Die Ansätze und Methoden aus der Neuro- und Psycholinguistik sowie der klinischen Linguistik werden dazu eingesetzt, linguistische Basiskategorien und Theoreme kognitions- und neurowissenschaftlich zu fundieren und aufeinander zu beziehen. Eine Untersuchungsperspektive betriff dabei die Frage, wie ein immer gleich strukturiertes Gehirn das Verständnis der sehr verschiedenen menschlichen Sprachen gewährleisten kann bzw. welche sprachübergreifenden Gemeinsamkeiten und Unterschiede hierbei beobachtet werden können. Die Beantwortung dieser Frage verspricht neue Einblicke in die Natur der Sprache und in die Funktionsweise des menschlichen Gehirns: Da sprachübergreifend zutreffende Charakteristika der menschlichen Sprache vermutlich eng mit der Organisation des menschlichen Gehirns zusammenhängen, kann die Identifikation von „Universalien“ in der Neurokognition der Sprache die Hypothesenbildung über den Zusammenhang zwischen Sprache und Gehirn entscheidend vorantreiben.
Sprachübergreifende Unterschiede wurden beispielsweise in einer Reihe von psycholinguistischen EEG-Experimenten aufgedeckt, in denen die Online-Verarbeitung von Wortakzent und rhythmischen Strukturen auf sprachvergleichender Basis (Arbeiten zu den Sprachen Deutsch, Englisch, Polnisch, Türkisch, Ägyptisch-Arabisch) untersucht wurde. Dabei zeigte sich, dass selbst eng verwandte Sprachen wie Deutsch und Englisch in bestimmten Bereichen auf fundamental unterschiedliche neuronale Verstehensmechanismen zurückgreifen. Diese Ergebnisse weisen darauf hin, dass Wortbetonung und Satzmelodie einen wesentlichen Einfluss auf das Verstehen von Sprache haben und jeweils charakteristische neurophysiologische Signaturen hervorrufen.

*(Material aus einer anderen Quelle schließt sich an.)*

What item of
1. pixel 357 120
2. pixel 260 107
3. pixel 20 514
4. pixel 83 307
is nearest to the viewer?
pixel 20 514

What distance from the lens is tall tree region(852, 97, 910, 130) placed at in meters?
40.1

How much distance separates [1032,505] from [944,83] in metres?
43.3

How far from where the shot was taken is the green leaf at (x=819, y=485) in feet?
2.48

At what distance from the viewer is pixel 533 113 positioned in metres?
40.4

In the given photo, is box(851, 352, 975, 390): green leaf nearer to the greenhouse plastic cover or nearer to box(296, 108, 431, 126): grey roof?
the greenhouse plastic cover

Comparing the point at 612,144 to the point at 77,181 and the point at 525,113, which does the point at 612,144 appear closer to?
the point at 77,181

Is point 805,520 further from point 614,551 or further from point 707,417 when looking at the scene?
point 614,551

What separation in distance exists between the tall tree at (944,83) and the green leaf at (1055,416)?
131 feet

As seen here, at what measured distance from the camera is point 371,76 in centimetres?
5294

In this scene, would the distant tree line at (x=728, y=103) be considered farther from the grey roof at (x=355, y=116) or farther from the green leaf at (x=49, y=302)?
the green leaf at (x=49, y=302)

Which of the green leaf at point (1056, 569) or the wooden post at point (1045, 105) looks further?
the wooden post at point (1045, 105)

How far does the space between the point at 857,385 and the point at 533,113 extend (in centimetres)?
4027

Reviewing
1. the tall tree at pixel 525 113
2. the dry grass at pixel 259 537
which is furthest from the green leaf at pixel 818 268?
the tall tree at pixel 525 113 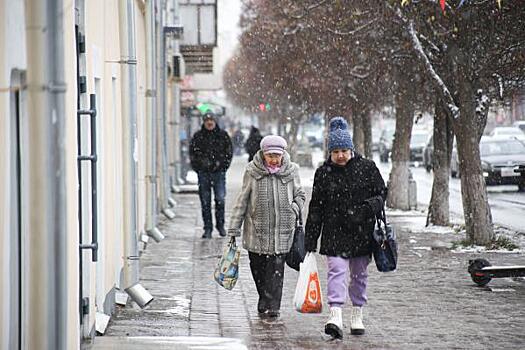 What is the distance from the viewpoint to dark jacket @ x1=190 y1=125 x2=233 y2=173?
1808cm

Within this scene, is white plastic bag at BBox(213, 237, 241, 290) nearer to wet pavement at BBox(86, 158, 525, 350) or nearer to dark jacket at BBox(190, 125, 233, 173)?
wet pavement at BBox(86, 158, 525, 350)

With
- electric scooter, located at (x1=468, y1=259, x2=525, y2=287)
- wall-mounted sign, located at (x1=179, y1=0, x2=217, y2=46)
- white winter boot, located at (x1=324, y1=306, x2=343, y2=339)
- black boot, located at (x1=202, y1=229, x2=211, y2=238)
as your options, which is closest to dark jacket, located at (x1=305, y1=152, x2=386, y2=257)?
white winter boot, located at (x1=324, y1=306, x2=343, y2=339)

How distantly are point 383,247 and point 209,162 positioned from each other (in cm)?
898

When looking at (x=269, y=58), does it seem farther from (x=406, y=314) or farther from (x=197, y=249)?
(x=406, y=314)

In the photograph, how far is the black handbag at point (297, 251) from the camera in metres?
10.2

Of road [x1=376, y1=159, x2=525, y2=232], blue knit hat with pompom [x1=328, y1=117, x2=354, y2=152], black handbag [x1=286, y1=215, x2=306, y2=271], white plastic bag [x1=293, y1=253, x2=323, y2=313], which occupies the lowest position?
road [x1=376, y1=159, x2=525, y2=232]

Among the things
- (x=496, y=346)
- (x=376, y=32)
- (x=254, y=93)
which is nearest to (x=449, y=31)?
(x=376, y=32)

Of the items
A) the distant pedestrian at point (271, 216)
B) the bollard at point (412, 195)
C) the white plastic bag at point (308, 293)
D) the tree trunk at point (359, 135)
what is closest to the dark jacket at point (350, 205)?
the white plastic bag at point (308, 293)

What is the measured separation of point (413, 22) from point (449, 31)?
93 centimetres

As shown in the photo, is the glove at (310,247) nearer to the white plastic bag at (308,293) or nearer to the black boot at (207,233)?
the white plastic bag at (308,293)

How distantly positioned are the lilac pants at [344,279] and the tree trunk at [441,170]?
10338 mm

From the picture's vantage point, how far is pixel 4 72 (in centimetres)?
575

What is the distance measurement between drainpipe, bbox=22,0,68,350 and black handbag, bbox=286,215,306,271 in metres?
5.23

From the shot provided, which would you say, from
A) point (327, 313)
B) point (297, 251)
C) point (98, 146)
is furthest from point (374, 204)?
point (98, 146) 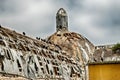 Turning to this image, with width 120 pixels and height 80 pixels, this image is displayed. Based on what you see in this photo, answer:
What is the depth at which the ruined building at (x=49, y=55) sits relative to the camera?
22.5 meters

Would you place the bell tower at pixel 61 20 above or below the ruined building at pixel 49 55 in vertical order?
above

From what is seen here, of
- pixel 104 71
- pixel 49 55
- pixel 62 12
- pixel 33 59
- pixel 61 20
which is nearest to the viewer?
pixel 104 71

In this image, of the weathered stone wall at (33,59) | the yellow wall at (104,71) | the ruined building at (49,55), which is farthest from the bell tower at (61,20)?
the yellow wall at (104,71)

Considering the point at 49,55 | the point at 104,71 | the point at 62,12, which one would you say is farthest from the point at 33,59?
the point at 104,71

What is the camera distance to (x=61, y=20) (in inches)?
1671

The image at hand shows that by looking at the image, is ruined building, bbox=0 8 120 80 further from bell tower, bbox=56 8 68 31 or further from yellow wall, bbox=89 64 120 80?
yellow wall, bbox=89 64 120 80

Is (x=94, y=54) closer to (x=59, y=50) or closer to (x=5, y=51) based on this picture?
(x=59, y=50)

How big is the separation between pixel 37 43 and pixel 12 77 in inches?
329

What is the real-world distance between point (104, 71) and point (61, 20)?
121 ft

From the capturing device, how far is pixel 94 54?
4009 centimetres

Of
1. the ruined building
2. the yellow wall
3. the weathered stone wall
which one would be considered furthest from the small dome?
the yellow wall

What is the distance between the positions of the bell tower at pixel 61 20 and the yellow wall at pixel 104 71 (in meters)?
35.8

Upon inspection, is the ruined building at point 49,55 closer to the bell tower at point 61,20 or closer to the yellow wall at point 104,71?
the bell tower at point 61,20

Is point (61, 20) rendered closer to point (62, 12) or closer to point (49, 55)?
point (62, 12) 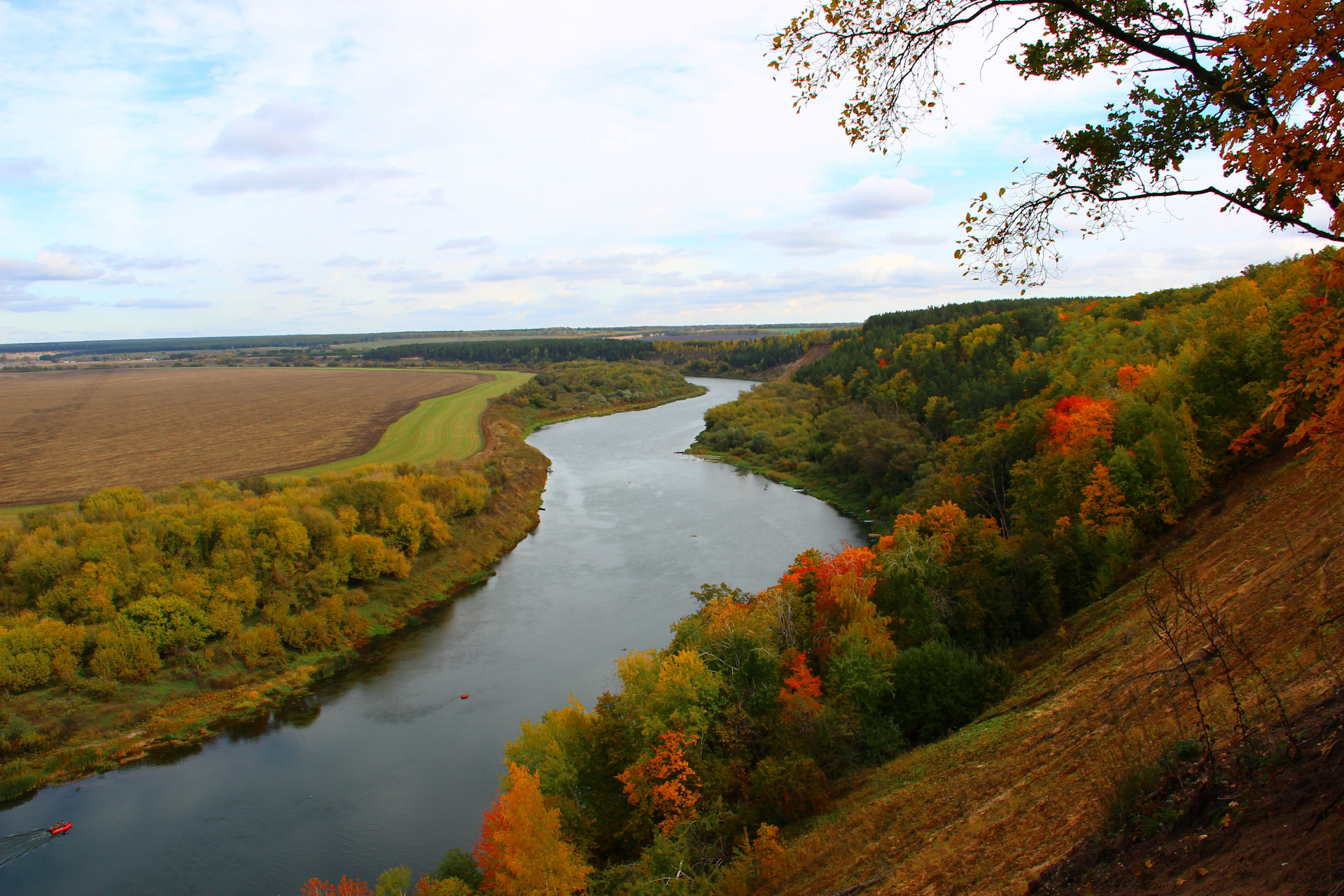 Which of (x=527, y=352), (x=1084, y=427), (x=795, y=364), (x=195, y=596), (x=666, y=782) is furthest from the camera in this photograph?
(x=527, y=352)

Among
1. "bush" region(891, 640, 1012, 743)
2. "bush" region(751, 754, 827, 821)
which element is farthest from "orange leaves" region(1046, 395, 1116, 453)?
"bush" region(751, 754, 827, 821)

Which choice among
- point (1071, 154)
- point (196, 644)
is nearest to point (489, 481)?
point (196, 644)

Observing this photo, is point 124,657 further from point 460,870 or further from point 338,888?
point 460,870

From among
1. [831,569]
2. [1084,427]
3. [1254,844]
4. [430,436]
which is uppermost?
[1084,427]

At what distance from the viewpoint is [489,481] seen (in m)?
42.5

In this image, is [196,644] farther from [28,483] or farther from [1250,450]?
[1250,450]

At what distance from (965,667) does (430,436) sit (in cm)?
4972

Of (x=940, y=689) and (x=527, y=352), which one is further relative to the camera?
(x=527, y=352)

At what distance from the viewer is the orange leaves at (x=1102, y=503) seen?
1947 cm

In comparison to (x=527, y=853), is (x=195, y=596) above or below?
above

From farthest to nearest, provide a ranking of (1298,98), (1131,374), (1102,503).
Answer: (1131,374), (1102,503), (1298,98)

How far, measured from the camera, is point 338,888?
14156mm

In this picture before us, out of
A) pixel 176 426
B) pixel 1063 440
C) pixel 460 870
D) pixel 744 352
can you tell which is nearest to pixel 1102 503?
pixel 1063 440

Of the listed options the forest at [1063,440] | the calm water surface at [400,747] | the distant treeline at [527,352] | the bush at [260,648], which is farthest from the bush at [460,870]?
the distant treeline at [527,352]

Die Spracherwerbsforschung als Teil der Psycholinguistik widmet sich der Untersuchung individueller Sprachentwicklungsverläufe über die Lebensspanne. Indem Veränderungen sprachlicher Fähigkeiten in Abhängigkeit vom Lebensalter untersucht werden, ergänzt die Betrachtung der Sprachentwicklung in der Ontogenese die Perspektive der Lang- und Kurzzeitdiachronie. Mit einer Vielfalt von behavioralen und experimentellen Methoden (z.B. Produktionsdaten, Verstehensexperimenten, Lernexperimenten, Reaktionszeitstudien, EEG-Studien) wird untersucht, welche Erwerbsmuster und Erwerbssequenzen bei mono- oder bilingualen Kindern im Laufe des Spracherwerbs zu beobachten sind, welche systematischen Zwischenstufen durchlaufen werden und inwieweit interindividuelle Variationen bestehen. Das Forschungsinteresse richtet sich unter dem Aspekt der Lernbarkeit insbesondere darauf, welche potentiellen Basiskategorien der Sprache früh erworben werden und welche einer längeren Lernphase bedürfen bzw. störanfällig sind. Im Rahmen des LOEWE-Schwerpunktes wurde dies insbesondere für die Kategorien prosodisches Wort und prosodischer Fuß untersucht.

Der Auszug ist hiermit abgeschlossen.